- **PROBLEM**: Reproduce the full listing below unchanged, apart from the pictures.
Start of GIVEN INFORMATION
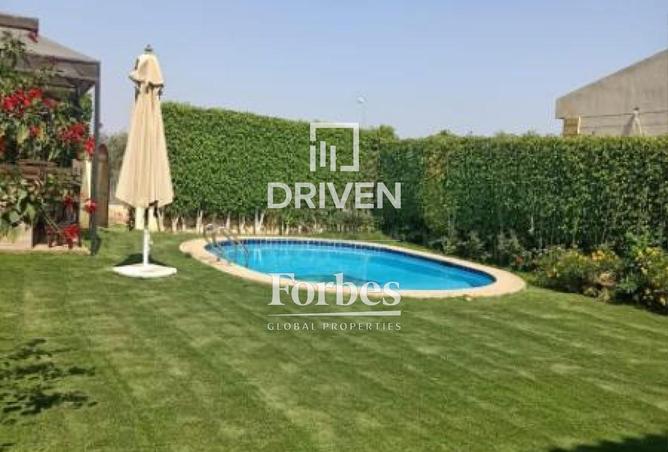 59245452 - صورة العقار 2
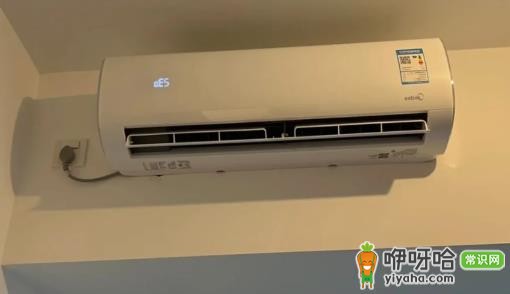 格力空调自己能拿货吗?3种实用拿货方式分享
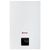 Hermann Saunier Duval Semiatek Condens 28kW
End of GIVEN INFORMATION
- **RESPONSE TO THIS TASK**:
 59245452 - صورة العقار 2
 格力空调自己能拿货吗?3种实用拿货方式分享
 Hermann Saunier Duval Semiatek Condens 28kW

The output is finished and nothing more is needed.